Su obra poética se integra con los libros Párpado (1973), El mago (1984), La ansiedad perfecta (1991), Agosto (1995), Superficies iluminadas (1997), El carrito de Eneas (2003), Las encantadas (2003) y El despertar de Samoilo (teatro en verso, 2004). Junto con este reportaje usted puede leer también un texto de Samoilovich sobre traducción poética.
-James Fenton, en una versión tuya y de Mirta Rosenberg, dice: “Lo que se necesita para la poesía es un cuerpo y una voz”. ¿Qué se necesita para la traducción de poesía?
- Mi primera tentación es aceptar un paralelismo con la cita de Fenton, decir que para traducir se necesitan las mismas cosas que Fenton dice, un cuerpo y una voz, sólo que al traducir el cuerpo no es el cuerpo propio, el cuerpo de las propias obsesiones y manías y ritmos y sueños y reflexiones, sino el “corpus” que constituyen el poema o poemas a traducir y las circunstancias y la lengua en que fue escrito; la voz, en cambio sigue siendo la propia, puesta al servicio de ese cuerpo que es el poema escrito por otro en otra lengua. Para traducir hace falta un arte y unas virtudes compositivas exactamente iguales a las que hacen falta para escribir un poema propio; hay un punto de partida distinto, y un método semejante. Pensándolo todavía un poco más, quizás habría que reconocer que el cuerpo propio está involucrado, pues sino, ¿de dónde saldría la voz? Y la voz del autor original no está ausente, porque es también, y principalmente, con su voz con la que uno trata de establecer una conexión. Así llegamos a una posible respuesta diferente: para traducir hace falta una sintonía del propio cuerpo y la propia voz con un poema que ya está escrito, en otra lengua.

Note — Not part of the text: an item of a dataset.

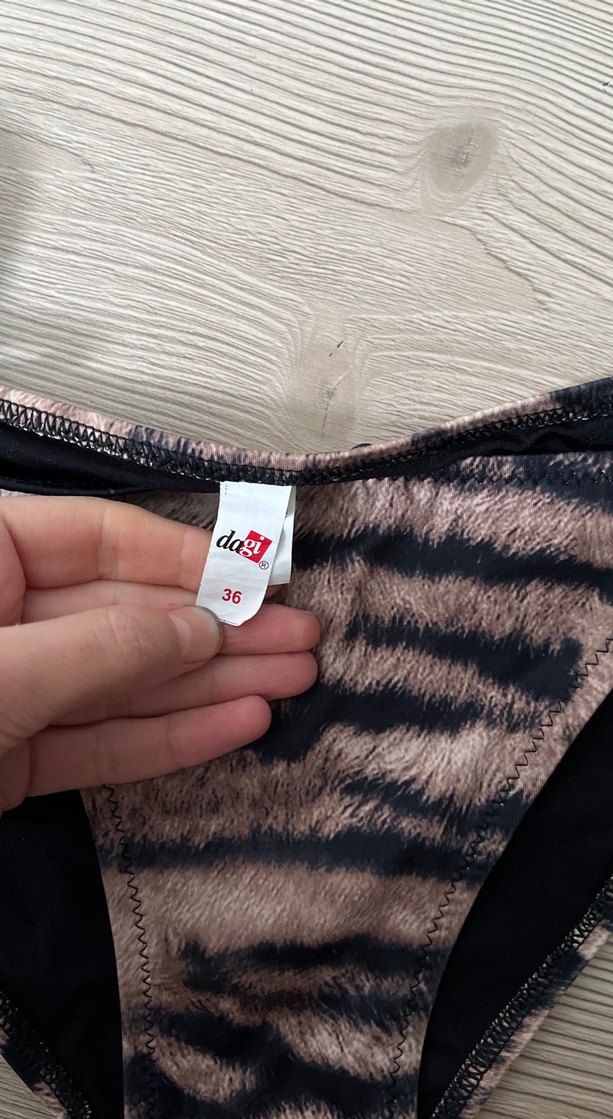Zebra Desenli Turkuaz Bağcıklı Bikini Altı - Görsel 4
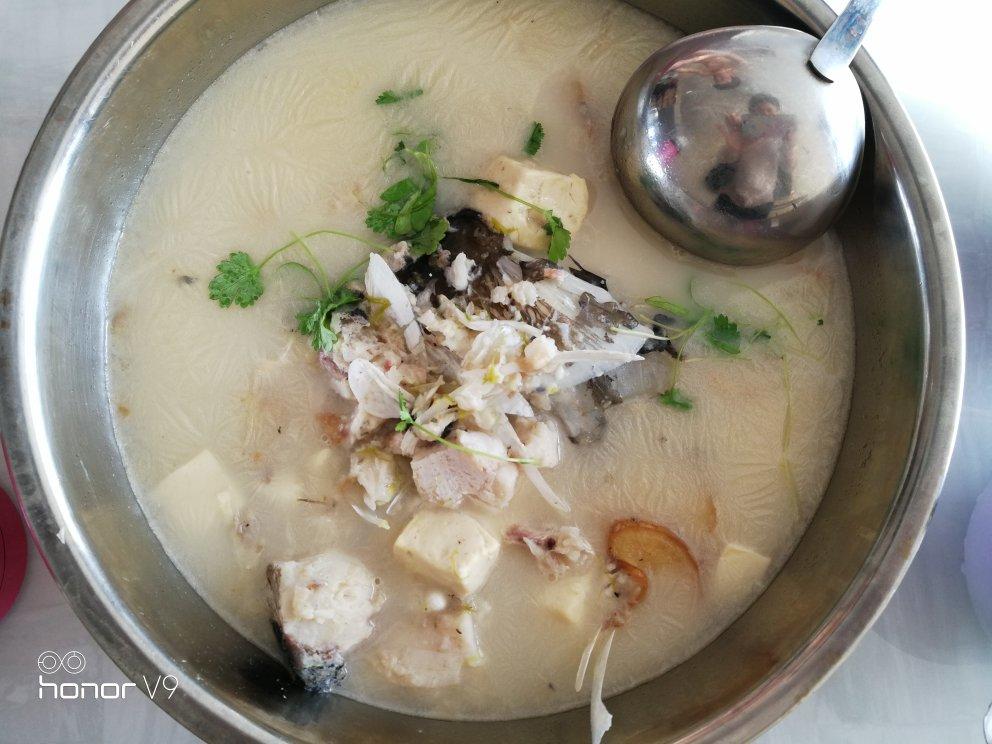 鱼头豆腐汤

-¿Cómo es posible trabajar con otro traductor? Supongo que con Mirta Rosenberg, dado que hace tiempo que trabajan juntos, tendrán un método definido. ¿Cómo se desarrolló la experiencia de traducir a Horacio con Antonio Tursi?

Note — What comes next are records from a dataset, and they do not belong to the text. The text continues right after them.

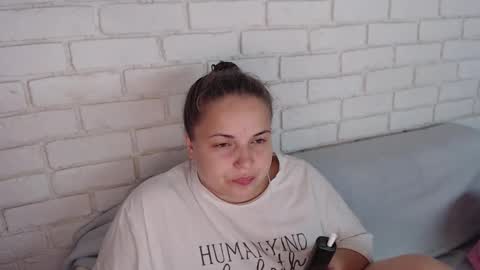 Snapshot of crazyy_girl_ chatting on September 22, 2025, 1:46 pm Crazyy Girl  online show from September 22, 2025, 1:46 pm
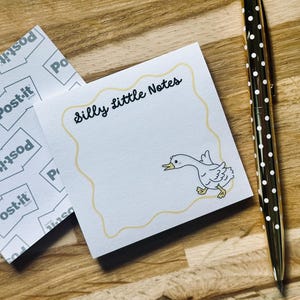 Funny Goose Sticky Notes 50 Pages | Silly Little Notes Pad | Cute Animal Pun Memo Pad | Desk Stationery Gift for Coworkers, Animal Pun Gift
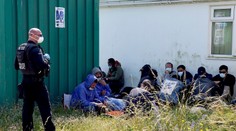 Rekordný počet migrantov sa za jeden deň preplavilo do Británie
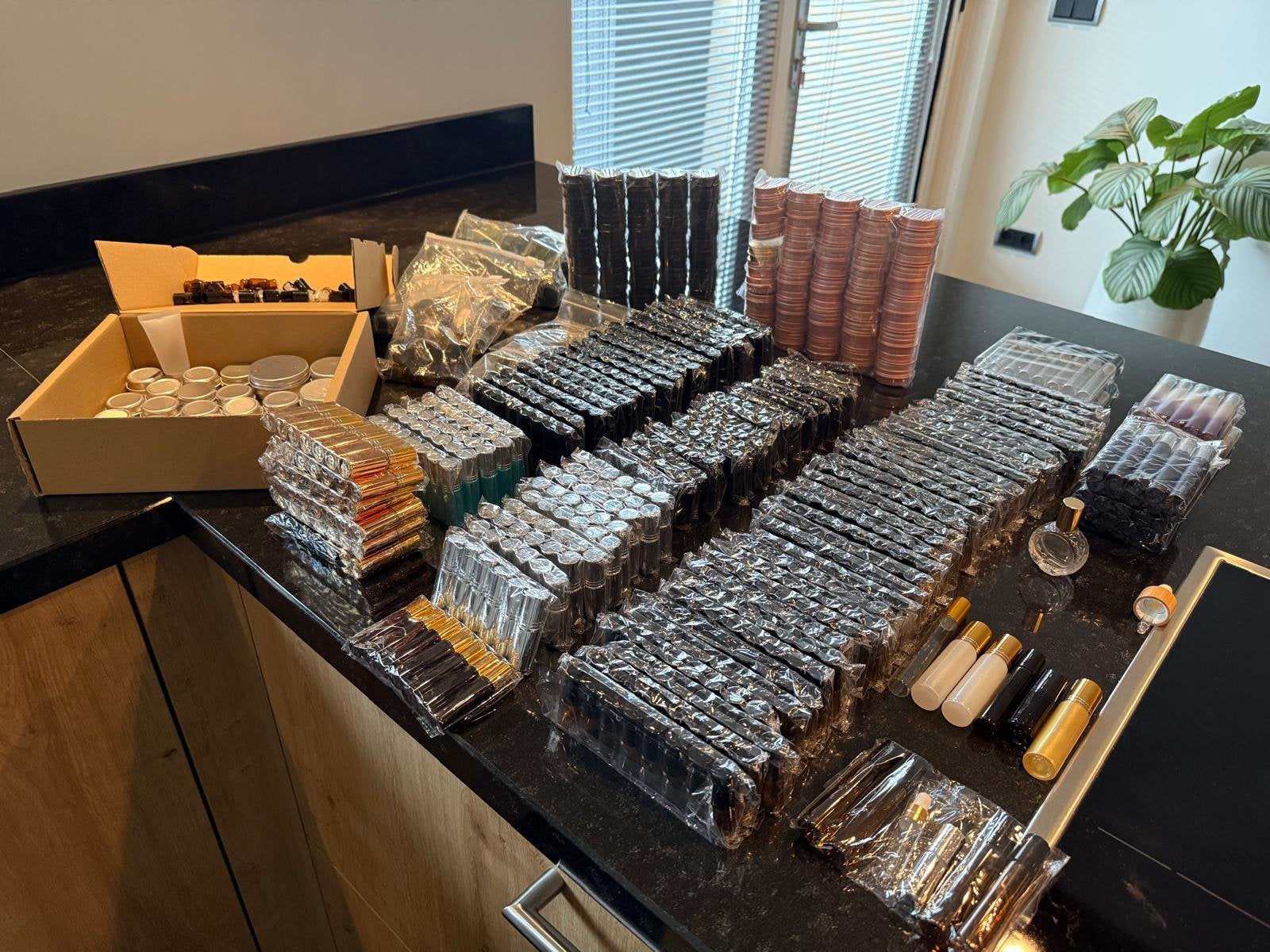 Te koop diverse flesjes voor oa etherische olie, Ophalen, Nieuw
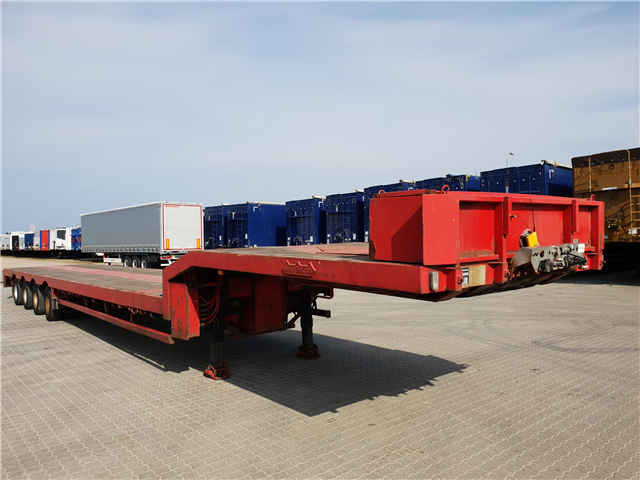 Diverse Noteboom Maskintrailer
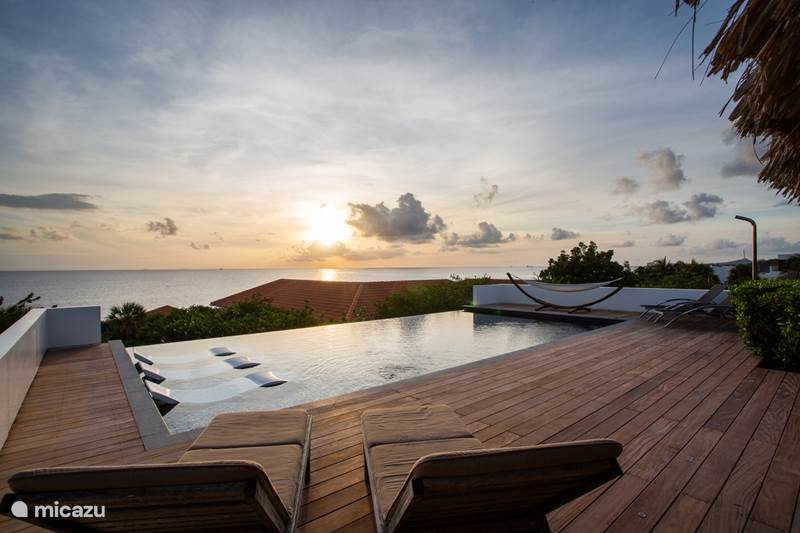 Vakantiehuis Curaçao, Banda Ariba (oost), Jan Thiel Villa Bista Riba Laman, Villa met zwembad!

-Con Mirta trabajamos normalmente repartiéndonos la tarea, de modo que si tenemos varios poemas para traducir, uno hace las primeras versiones de algunos y el otro una suerte de revisión, y viceversa con otros. Cuando algo resulta flojo, no funciona, y la solución satisfactoria no aparece conversando, nos quedamos juntos escribiendo cada uno en silencio una alternativa. La interacción es tal que a veces queda medio verso de uno y medio verso de otro.

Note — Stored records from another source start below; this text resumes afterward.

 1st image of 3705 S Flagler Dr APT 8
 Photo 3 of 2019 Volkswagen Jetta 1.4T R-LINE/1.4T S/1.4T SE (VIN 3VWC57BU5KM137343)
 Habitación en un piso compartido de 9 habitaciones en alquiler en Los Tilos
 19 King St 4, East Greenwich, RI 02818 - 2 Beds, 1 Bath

Con Tursi trabajamos juntos durante meses una versión en prosa de un conjunto de odas, después yo hice las versiones en verso y las fui discutiendo verso a verso con él. También decidimos juntos cuáles eran las formas métricas y estróficas más adecuadas para cada metro latino, quiero decir, nos fabricamos un sistema de equivalencias, a veces buscando mimar la música de la sucesión de sílabas largas y breves, otras veces con un ojo especialmente puesto en la alternancia de versos más largos y más cortos en la estrofa, tratando, en suma, de atrapar algo de la enorme variedad métrica de Horacio.
-En la traducción de poesía, has dicho, se trata de acertar, no hay fórmulas fijas. Supongo que no será una cuestión enteramente librada a la suerte. ¿Las traducciones anteriores funcionan como referencia? ¿Se traduce contra otras traducciones?
-Desde luego, ese “acertar” del que hablo no depende enteramente de la suerte, sino de la propia capacidad para decidir, creativamente, en cada caso, qué se va a privilegiar y qué se va a sacrificar. Mi ideal sigue siendo el viejo y manido y discutido ideal de la fidelidad al texto que voy a traducir; pero no se puede ser fiel a todo, porque sino simplemente habría que copiar el original. Un ejemplo, de una traducción reciente que hice de Mallarmé, unas respuestas a encuestas, a veces muy breves, donde Mallarmé construye muchas veces las frases de un modo anómalo incluso en francés: en una primera versión que hice, sin quererlo me había deslizado a una suerte de normalización; buscando cierta fluidez de expresión en castellano, y seguramente empujado también por el esfuerzo de entender lo que Mallarmé quería decir, había “corregido”, o más bien glosado en partes el original; pero en una segunda lectura, mientras trataba aún de aclararme algún asunto con la ayuda de mi amiga María Teresa Gramuglio, me di cuenta que de ninguna manera se podía perder lo anómalo, que era central en esos textos. Ya más seguro de que, más allá de sus apartamientos de la gramática usual, yo lo había entendido, pude reponer las rarezas; o sea, una vez resuelto me parece obvio que había que sacrificar algo de fluidez en la prosa castellana, y hasta de claridad, para mantener ciertos “enredos”, cierto ritmo entrecortado que Mallarmé logra a fuerza de una sobreabundancia de comas, hipérbaton, interpolaciones. Cuando me sentí bastante seguro de haberme acercado a esa manera, sin ser más oscuro que el original, creí haber “acertado” con una traducción satisfactoria.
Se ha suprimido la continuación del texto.